Pero, cuando el discurso del enemigo cala, es porque la audiencia comulga –al menos en parte– con lo que se dice. La opinión pública no es una masa amorfa que se manipula fácilmente: es un actor fundamental en el triunfo de cualquier mensaje político. En Estados Unidos, por ejemplo, el rechazo creciente hacia las universidades no se debe solo a la fantasía de que no hace falta estudiar para ser millonario (Zuckerberg, Jobs, Jay-Z, Rihanna, etc.), sino a que se las percibe como prescindibles para ganarse la vida.
Esto también se ve en muchos estudiantes, seducidos por la ligereza de las redes sociales y creyéndose ya formados, que optan por ingresos inmediatos.

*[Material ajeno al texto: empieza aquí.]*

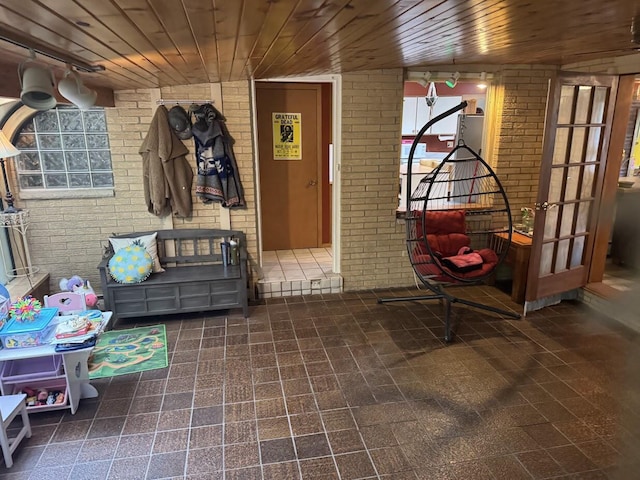 1306 Grandview Ave, Oconomowoc, WI 53066 - mudroom with brick wall and wooden ceiling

Aunque la evidencia demuestra, una y otra vez, que la educación sigue siendo el predictor más consistente de ingresos estables y movilidad social a largo plazo, para muchos sigue siendo preferible el dinero en el bolsillo hoy que una carrera sólida en el futuro.
Pero hay un fenómeno aún más preocupante: más allá de formar profesionales, las sociedades no perciben el verdadero valor de la universidad. Ignoran que son los centros más poderosos de investigación, creación e innovación. Ninguna empresa tiene los recursos, el interés ni la vocación de invertir en proyectos arriesgados y de largo aliento. ¿Un nuevo fertilizante? ¿Una solución en energía? ¿Un mejor cemento? Todo eso nace y se prueba en la universidad.
Lo triste es que las propias universidades, en su arrogancia o despiste, también son responsables de esta desvalorización. Dieron por sentado su lugar en la sociedad y por eso hoy se las ve más como un rito de paso que como la mina de oro que realmente son. Ahora, ante ataques desde todos los frentes, deben trabajar juntas para recuperar ese lugar. Para lograrlo, hay que aprender a hablar. Porque no se trata de marketing de admisiones: la comunicación universitaria no puede seguir en manos de publicistas ni de fotos trilladas de jóvenes sonrientes con mochilas. Es una comunicación compleja, que requiere el mismo rigor con el que se investiga.
El comediante Trevor Noah decía en un podcast que los demócratas no saben persuadir. En vez de explicar políticas como USAID como inversiones estratégicas que reducen la migración, apelan al discurso moralista del bien común. Y no es que el bien común no importe, pero también hay que mostrar que es útil y conveniente. El interés propio no le quita valor moral a una política: lo refuerza.
Con las universidades ocurre algo similar: cuando son criticadas, su defensa suele centrarse en la “excelencia del alma” que otorga el conocimiento. Algo que es tan cierto, como valioso. Pero también deben demostrar, una y otra vez, que son útiles y convenientes: que generan empresas, fortalecen la economía, mejoran puertos, puentes y políticas públicas. Y también, que hacen mejores democracias. Porque si algo han mostrado este y otros gobiernos es que sí hay que formarse para gobernar. Una sociedad más justa e inclusiva requiere una educación igualmente más fuerte e inclusiva.